Rose did show, and made the most of it. At 44, his vocal range has somehow returned, and his soaring wail enlivened the night’s
best numbers: “Mr. Brownstone,” “Out Ta Get Me” and “My Michelle,” a high-octane duet
with another relic from the heyday of hair metal, Sebastian Bach. And the band? There’s no replacing Slash and Duff,
at least in the hearts of fans, but Rose’s crew of hired Guns wasn’t firing blanks. A trio of guitarists, including
former Nine Inch Nail Robin Finck, picked up the slack, though none could duplicate Slash’s fluid fretwork. Subbing
onetime Primus drummer Brain for Matt Sorum is a wash – Sorum wasn’t around for the Appetite era, either.
And ex-Replacement Tommy Stinson lends a bit of indie cred to the band, even if his alliance with Rose seems unnatural.
At the Warfield, the band formed a tight, serviceable unit, delivering a blistering set of rock n’ roll anthems that
have lost none of their edge to age.

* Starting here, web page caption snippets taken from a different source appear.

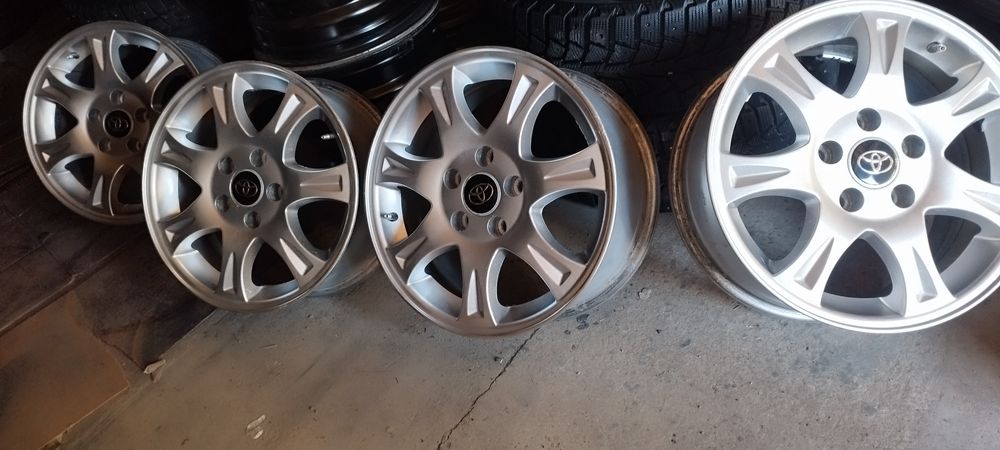 Продам  диски R16 5/114.3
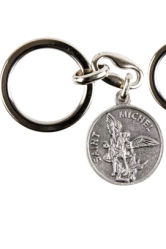 Porte-cle st michel avec priere metal 2.5 cm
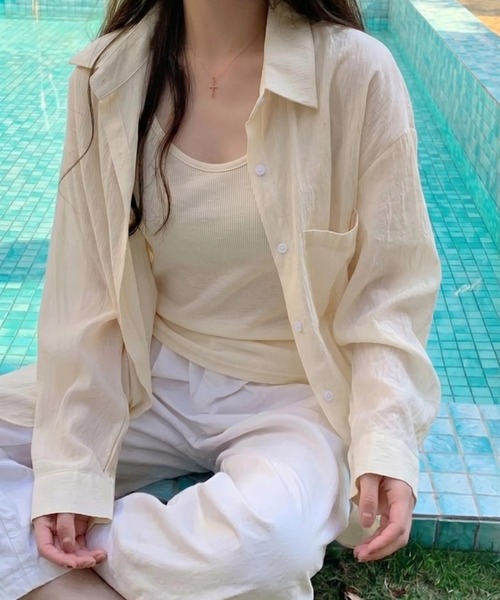 yuue' ( wear )(ユーイ)の「オーバーサイズセミシアーシャツ/冷房対策 UVカット(シャツ/ブラウス・レディース・ホワイト/ピンク/ブルー/グリーン/アイボリー・FREE)」の3枚目の写真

Whether Rose releases Chinese Democracy in 2006, as he has insisted he will, was
of little concern to the sold-out crowd on hand. Even if Chinese Democracy never sees the light of day, it’s
comforting to know that Axl Rose is finally ready to tour, his piercing vocals and electrifying showmanship intact. It’s
just a shame he had to blow up the real Guns N’ Roses before that could happen.